La Giornata della fede è comunque riprodotta – sezione “opere non in mostra” – nel catalogo della mostra da poco conclusasi (Contemplazioni Editore): catalogo che dà conto esaurientemente di una rassegna senza dubbio coraggiosa (dote che di certo non difetta a un bastian contrario quale Sgarbi…), ma altresì storicamente interessante e talora di notevole livello artistico.

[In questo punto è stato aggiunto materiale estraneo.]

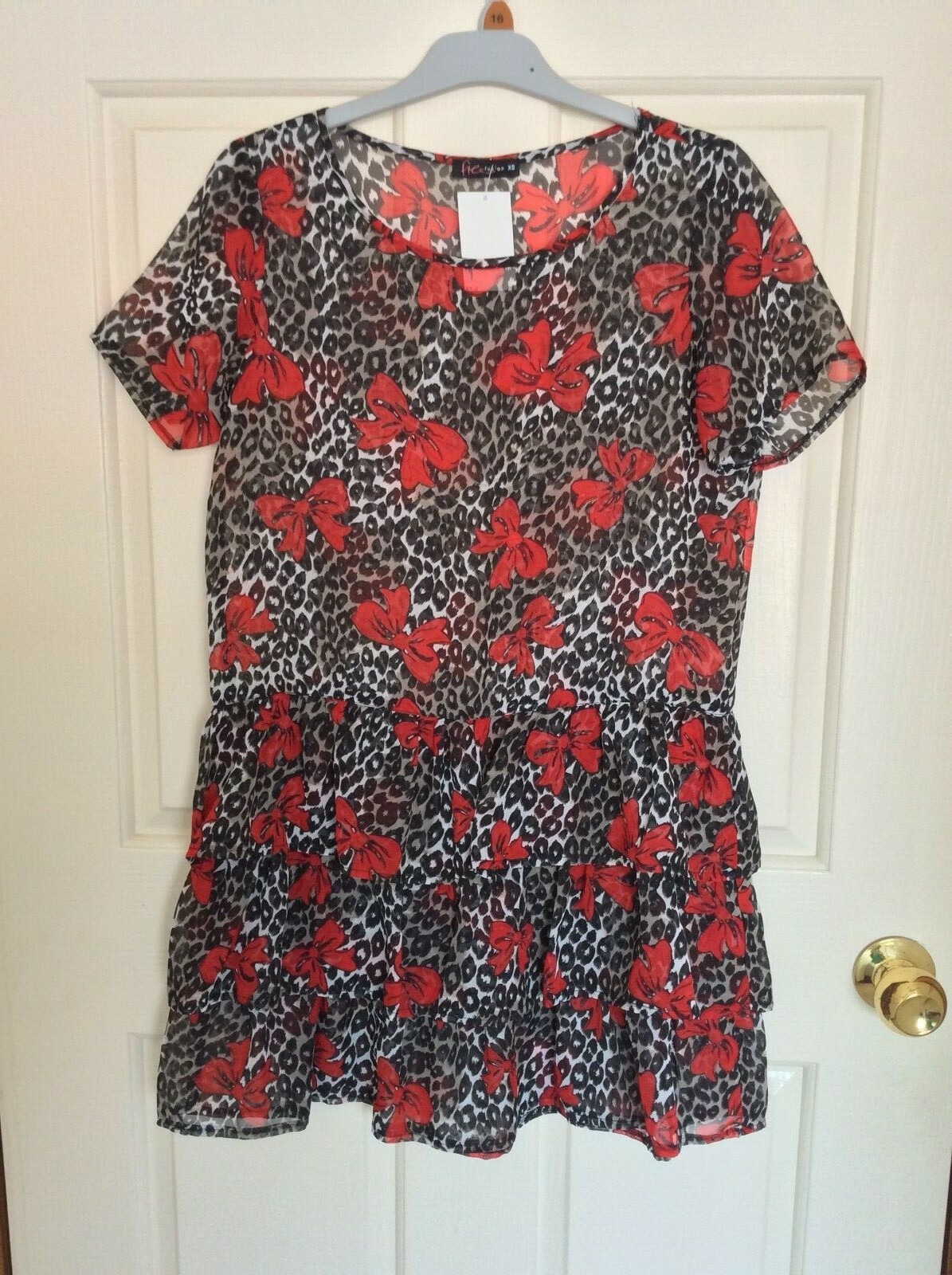 Women’s Designer Short Sleeve Multicolored Gathered Short Dress Top Size XS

Se, fra la trentina di opere selezionate (tutte di ampia metratura), Sgarbi – come pare – ha prediletto particolarmente le gremite Colonie fluviali di Giuseppe Moroni, le opere qualitativamente più significative – di un realismo quasi ovattato e suggestivamente atemporale – erano probabilmente quelle dedicate da Baldassarre Longoni al mondo agricolo: Aratura, Mietitura, Bonifica.
Arte di propaganda? Certamente non nella pittura di Longoni. Arte di propaganda? Sì, senza dubbio, nella mezza dozzina di mediocri opere rappresentanti piccole folle assorte nell’ascolto dei discorsi del “Duce”, grazie alla diffusione di quelle Radio Balilla (dodici esemplari accatastati in mostra) prodotte intensivamente da molte fabbriche italiane e distribuite lungo lo Stivale negli anni ’37 e ’38. Mica gratis, però: al bel prezzo, anzi, di 430 lire. Ma per una fervida “ascoltazione” (così il titolo di un quadro) della Voce Forte del regime, questo e altro. Prima del Diluvio imminente.
(E chissà che prima o poi non rifaccia capolino la trovata di un nuovo “Premio Cremona”. L’arte, daccapo, al servizio dell’Idea, o piuttosto del Potere vigente. Perché no? Lo si è già visto non solo in Italia, ma quasi dappertutto, in questo nostro brutto mondo affamato di Voci e di Uomini forti. Ci potrebbe pensare qualche gerarchetto locale, alla Farinacci. Sarebbe un bel colpo, e il Capo – chiunque egli fosse – ne sarebbe felice).